M.G. : Les prétendants sont les mêmes que l'année dernière. Dallas, Phoenix et nous à l'ouest. Detroit, Miami à l'est. Mais, il faudra aussi surveiller Houston. Si Yao Ming et Tracy McGrady sont en bonne santé, les Rockets peuvent être très dangereux.
Et les Lakersdans tout cela ?
M.G. : Les Lakers, je n'y crois pas. Ils ont une équipe solide mais je ne pense pas qu'ils puissent lutter pour le titre cette année.
Dallas et Phoenix sont des équipes très rapides. Vous allez donc être très sollicités avec Tony Parker pour les stopper ?
M.G. : Ça s'est sûr ! Ils sont plus vifs que nous. Il faudra réussir à s'adapter pour les battre. Mais dans le passé, nous avons toujours réussi à les tomber. Je ne vois donc pas pourquoi cela changerait. Même en étant moins rapides, on a les atouts pour les faire déjouer et nous allons tout faire pour les battre de nouveau.
Vous venez de terminer le Mondial avec l'Argentine (défaite en demi-finale) après avoir joué plus de 80 matches la saison dernière avec les Spurs. Estimez-vous que la saison en NBA est trop longue ? Allez-vous faire des choix dans le futur ?
M.G. : Je ne pense pas. Ce n'est pas évident mais je ne vais pas changer ma façon de faire. J'ai besoin d'enchainer les matches pour rester en forme. Et je suis très attaché à l'équipe d'Argentine. Nous allons d'ailleurs devoir nous qualifier pour les Jeux Olympiques l'année prochaine. Cela me tient à coeur. J'aime trop ça pour arrêter. Et puis ceux qui ne sont pas en compétition internationale sont également obligés de s'entraîner chez eux. Ils font des efforts pour rester en forme. Donc ça ne change pas grand chose au niveau de la fatigue.
La NBA parle depuis des années de créer des franchises en Europe, quelle est votre opinion vous qui avez joué en Italie de 1998 à 2002 ?
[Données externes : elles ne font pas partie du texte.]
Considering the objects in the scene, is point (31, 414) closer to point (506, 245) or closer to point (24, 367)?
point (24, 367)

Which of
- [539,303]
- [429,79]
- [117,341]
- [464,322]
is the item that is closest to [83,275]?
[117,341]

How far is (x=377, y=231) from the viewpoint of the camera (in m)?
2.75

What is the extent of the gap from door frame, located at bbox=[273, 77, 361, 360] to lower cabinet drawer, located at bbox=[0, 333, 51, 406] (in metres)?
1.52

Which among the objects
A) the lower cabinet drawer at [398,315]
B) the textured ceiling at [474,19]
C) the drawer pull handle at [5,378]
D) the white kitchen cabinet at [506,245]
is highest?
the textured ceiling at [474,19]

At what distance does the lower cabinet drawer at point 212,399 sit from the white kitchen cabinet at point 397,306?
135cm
M.G. : Je trouverais cela génial. Ce serait une grande évolution pour la NBA. Les voyages seraient contraignants mais tout le monde y gagnerait. Les Européens aiment le basket et la NBA aurait tout intérêt à venir ici. En tant que joueur, je serais très excité par l'opportunité de jouer en Europe devant un nouveau public.
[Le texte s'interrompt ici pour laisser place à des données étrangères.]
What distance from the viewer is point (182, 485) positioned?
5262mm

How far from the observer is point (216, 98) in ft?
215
Pour terminer, vous avez décroché le titre de MVP des finales de l'Euroligue en 2001 avant de découvrir la NBA, où vous avez décroché deux bagues de champion. En quoi l'Euroligue vous a aidé dans vos succès outre-Atlantique ?
M.G. : L'Euroligue a été déterminante dans ma carrière. Elle m'a permis de devenir un joueur plus accompli. Jouer pour le Kinder Bologne m'a aidé à devenir plus mature. Grâce à mon passage en Europe, je suis devenu un joueur plus accompli, plus réfléchi. Sans l'Euroligue, je ne serais pas le même joueur... C'est vraiment une grande compétition.